Dataset AutoTune is currently available for sink mode only (dataset_sink_mode=True).When it is set to enable in non-sink mode (dataset_sink_mode=False), no tuning will be happened.
Both Dataset Profiling and Dataset Autotune cannot be enabled concurrently,otherwise it will lead to unwork of Dataset AutoTune or Profiling. A warning message will result if you enable Dataset AutoTune first and then Dataset Profiling, or viceversa.Please make sure Profiling is disabled when using Dataset Autotune.

Example

Take ResNet training as example.

Dataset AutoTune Config

To enable Dataset AutoTune, only one statement is needed.

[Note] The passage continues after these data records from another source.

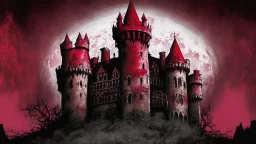 dark blood red colored, Vampire castle, comic style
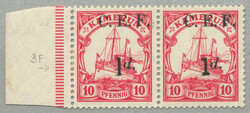 1915, 1 d on 10 Pfg., German stamp with black opt/surcharge C.E.F., ...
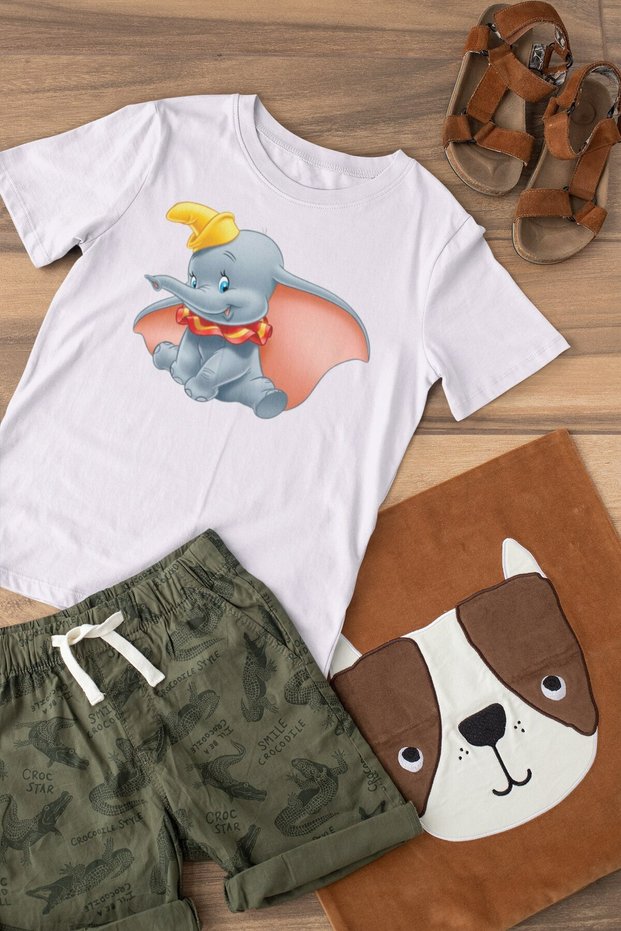 Baby Elephant Crew Neck 100% Cotton Printed Short Sleeve Children's and Teenage T-Shirt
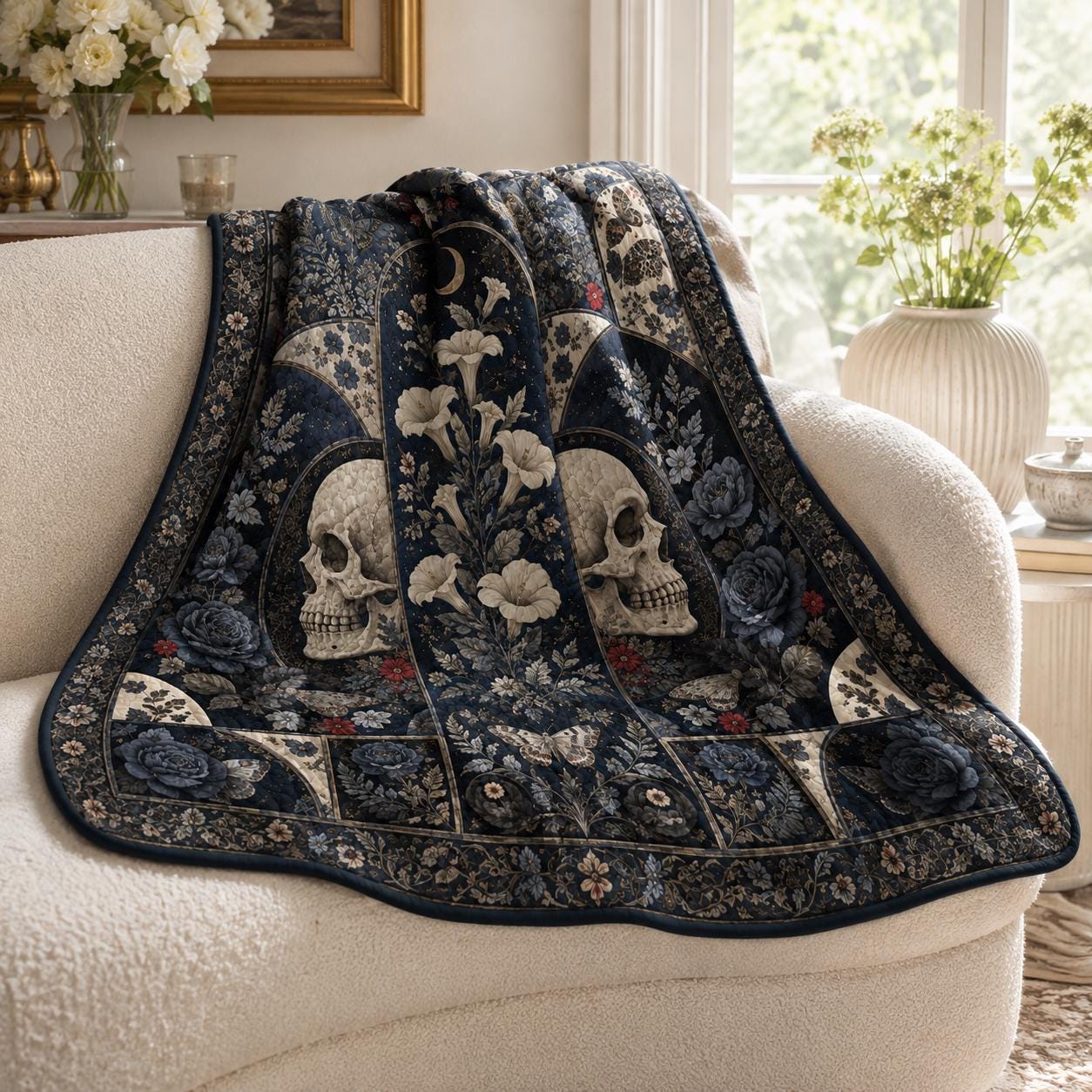 Gothic Skull Quilted Blanket – Dark Rose Patchwork Quilt and Raven Halloween Bedding for Witchy Gothic Home Decor - photo 11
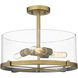Callista 3 Light 16.5 inch Rubbed Brass Semi Flush Mount Ceiling Light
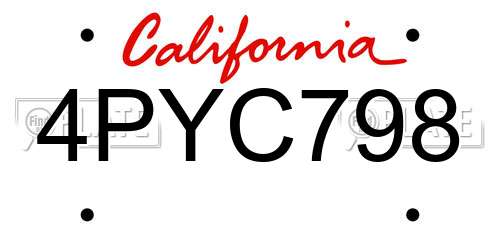4PYC798 California License Plate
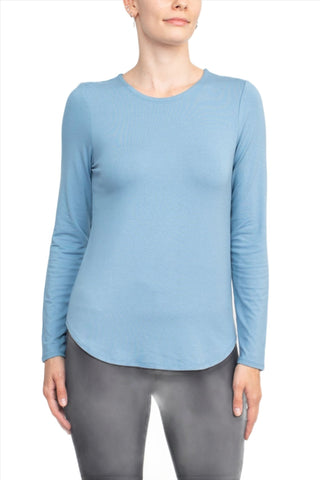 Cupio Crew Neck Long Sleeve Solid Knit Top - Glamourous Grace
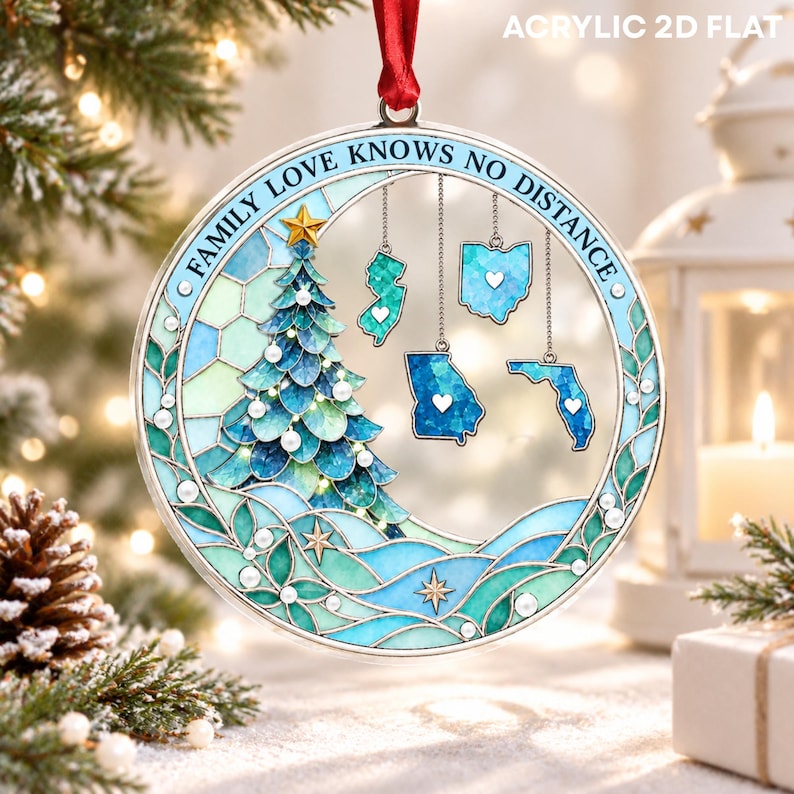 Long Distance State Acrylic Ornament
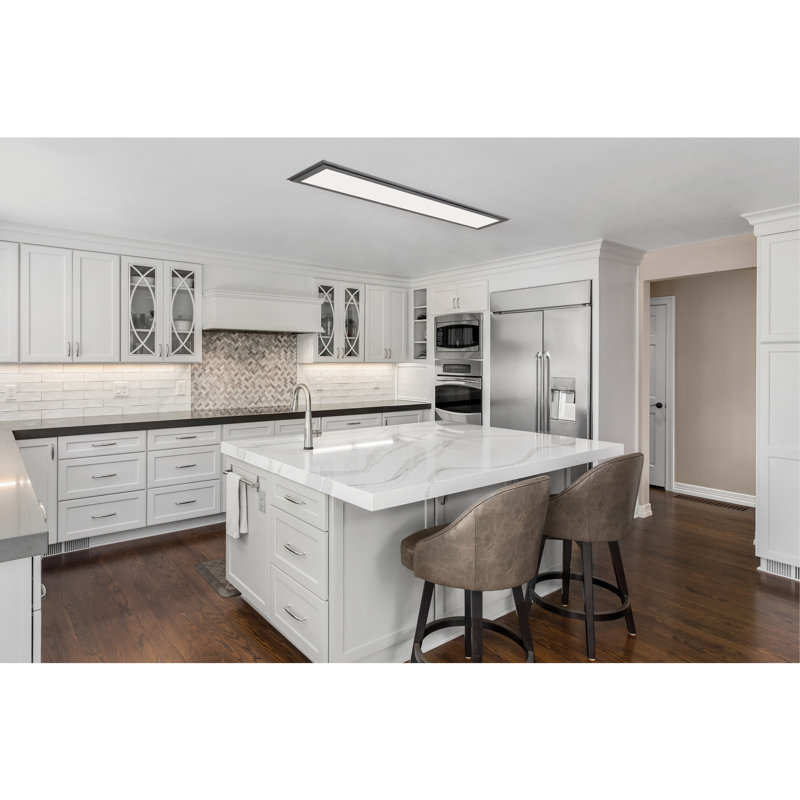 Capps Dimmable Rectangle Flush Mount, Grey
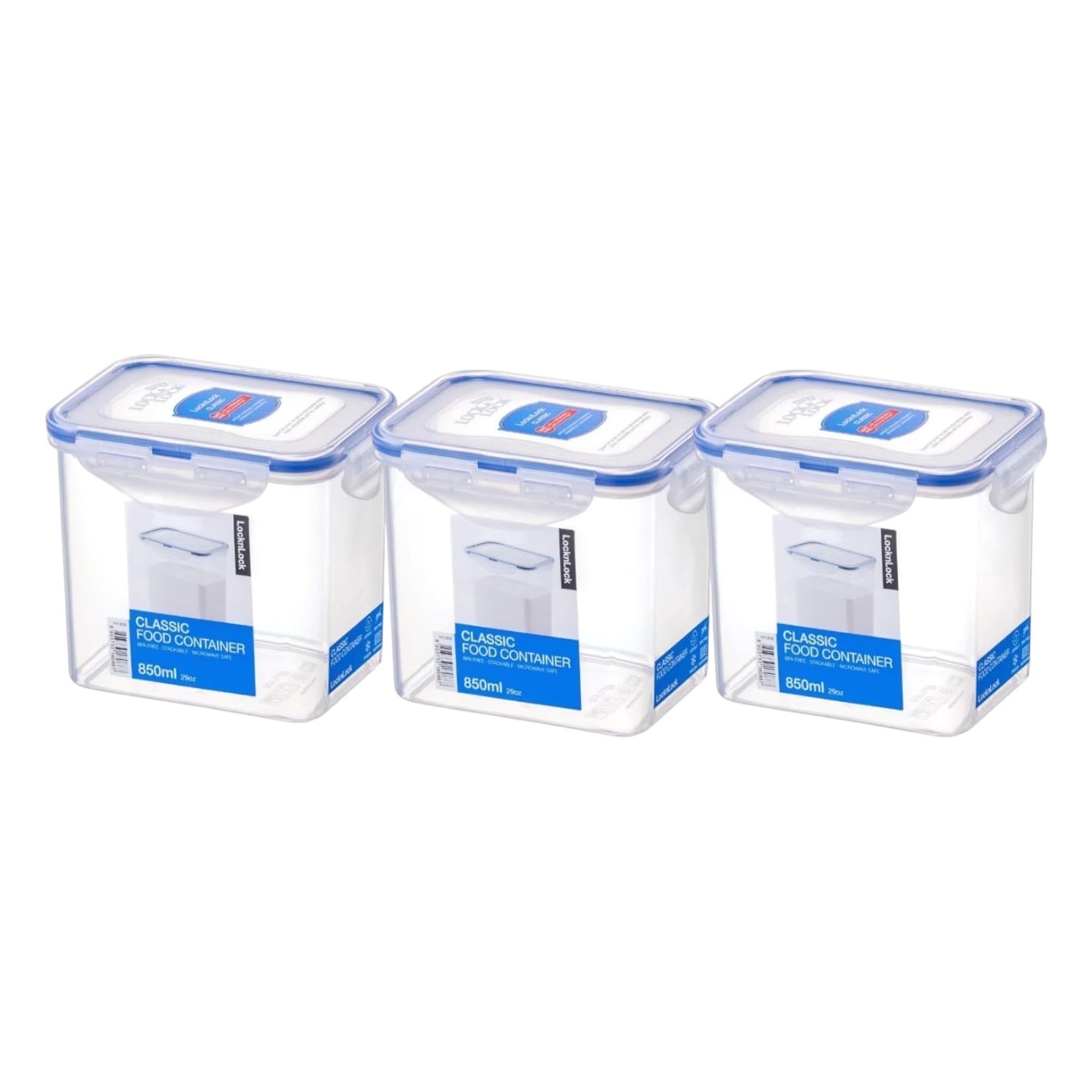 LocknLock Airtight Food Storage Container Leakproof Reusable Box 850ml Pack of 3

# dataset.py of ResNet in ModelZoo
# models/official/cv/resnet/src/dataset.py

def create_dataset(...)
    """
    create dataset for train or test
    """
    # enable Dataset AutoTune
    ds.config.set_enable_autotune(True)

    # define dataset
    data_set = ds.Cifar10Dataset(data_path)
    ...

Start Training

Start the training process as described in resnet/README.md. Dataset AutoTune will display its analysis result through LOG messages.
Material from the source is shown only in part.